Santa Monica, who could deny it? We squeezed onto a jam-packed, stop go, bus for the hour long journey down to Santa Monica Boulevard. Tour guide Miko was interested to see if anything had changed since it was her haunt in 96’ but for now, as the LA loud bus driver nattered into his loud speaker encouraging people to give up their seats for pregnant woman and ones with children, we wished we’d organized better and hired a soft top for the day.

Miko’s headache dissipated after they got off at Santa Monica Blvd where the filthy rich and famous came to play in their bon’ vivant way. It still looked familiar. The plaza’s in town were ‘same, same’, having nothing unique about them other than being pretentiously known for celeb spotting. 

With LA being so spread out, ones own transport is necessary if one is to see anything remotely interesting. The café culture, people watching and the plastic attitude were as fascinating to watch as paint dry as everyone was trying their damndest to out do others. One could cry at the sadness if it wasn’t so pathetically funny!

The pier and the boardwalk had its usual show-offs that the world has all seen before. There are the jumps and twirls of the bikini-clad dolls and the tight trunked Kens as they compete for the most attention in their blades or fancy runners. The mother’s or nanny’s power walk and shake their booty as they push baby in pram forward and free a few meters before jogging and scissoring to catch up. You have the jokers, the preachers, the know-it-alls, the posers, the gigolos, the watchers, and the clicking ‘wana picture’ tourists. It was all a hoot.

The beach either side of the pier stretched into the distance as far as the eye could see, being so broad it finally backed onto the gardens of well positioned beach houses some 250 metres from the shore at the foot of the small cliffs, on top of which ran the busy free way. Not so much romantic as frantic. 

We decided to give the long winding promenade, snaking its way down to the steroid induced chiselled forms of Venice beach, a miss. 

Instead we opted to try the little Irish bar that Miko remembered being at the start of the pier only to find it was now ‘Rusty’s Surf Shack’. It didn’t matter, after treading the heavy, gnarled wooden boards of the fairground pier, we took a late lunch at Rusty’s enjoying some sweet Californian wine and chilled beer while we crunched on some healthy green leaves that is the LA dining experience.

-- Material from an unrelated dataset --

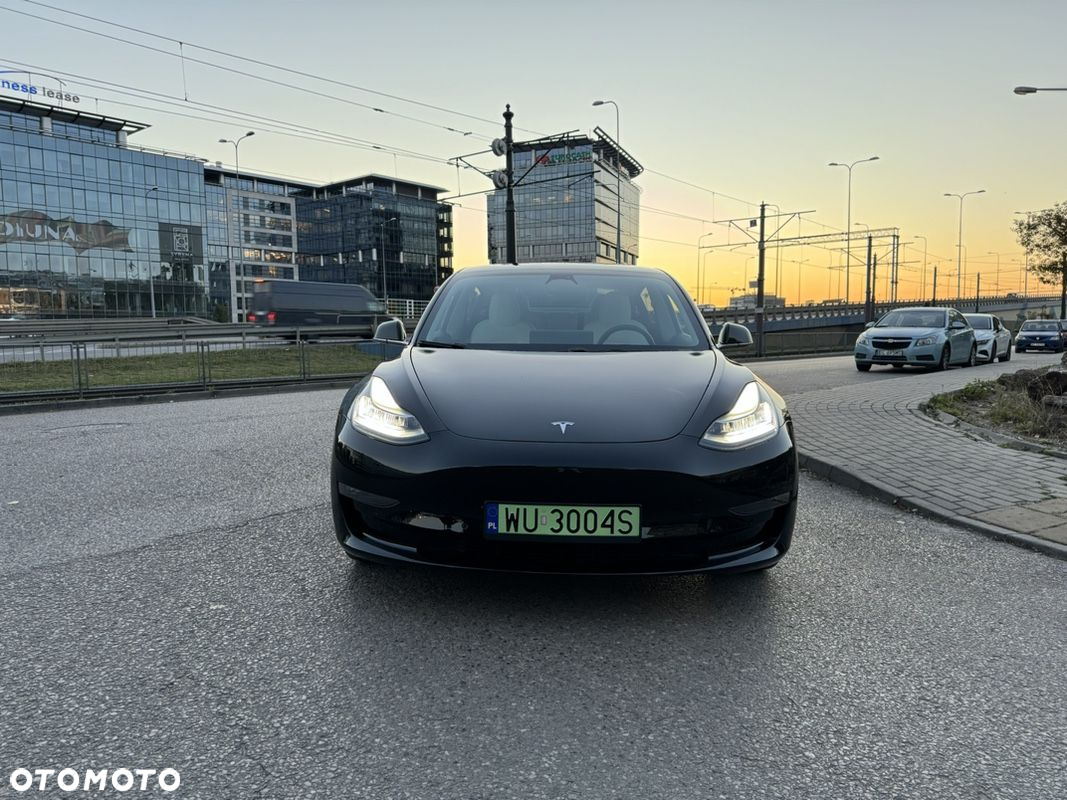 Tesla Model 3 Allradantrieb Dual Motor - 9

We left the beach front in the sizzling heat as all the bathers crammed in at the sea shore. Miko was intrigued to wander down memory lane as we trailed up a few blocks from 3rd street. Our heads flicked from side to side with Miko trying to glimpse places from the past, including her old apt block, and Knox tried to fit reality into descriptions. We easily found the local supermarket but after that the trail went cold. It had been 10 years so it was no surprise that in the intervening time her memory had faded and developments had changed the landscape.

An evening drink to reminisce in ‘Ye Olde Kings Head’ on Santa Monica Blvd turned into a bit of a session chatting to some of the clientele. We found there wasn’t much chance to ‘give a tip’, as the staff often just kept the change without asking. All in all it was a hazy return to the hotel.

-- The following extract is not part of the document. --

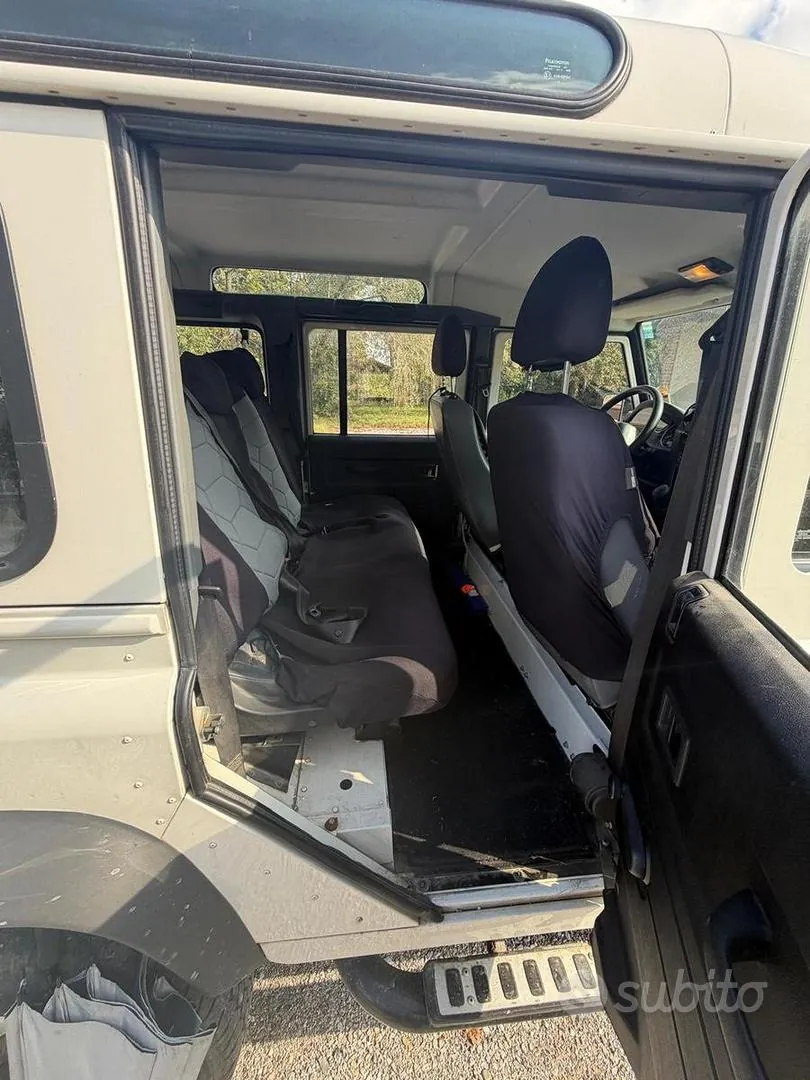 Land Rover Defender 2010 photo 4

A drowsy Miko peered bleary eyed at the clock not really caring about the time, turned over again and fell back into slumber to dream of ‘pink elephants’. Half an hour later Knox woke with his head thumping and immediately became frantic.

“Shit, Miko, its 8.10, we haven’t packed and we have to be at the airport by 9.30”, his parched fuzzy mouth gasped, while trailing the blankets off her.

Miko grunted but dragged herself up. 

We finally made it to LAX for 9.45am with just enough time to check in. We were too monged to argue with the 50 dollar levy for the weight of their bags and as we were two sorry states, we were just happy to board the plane, dizzy headed, and get on the way to New York.

Oh how we felt awful but would try to get some sleep before the gruesome 3 hour wait for a connection in Houston.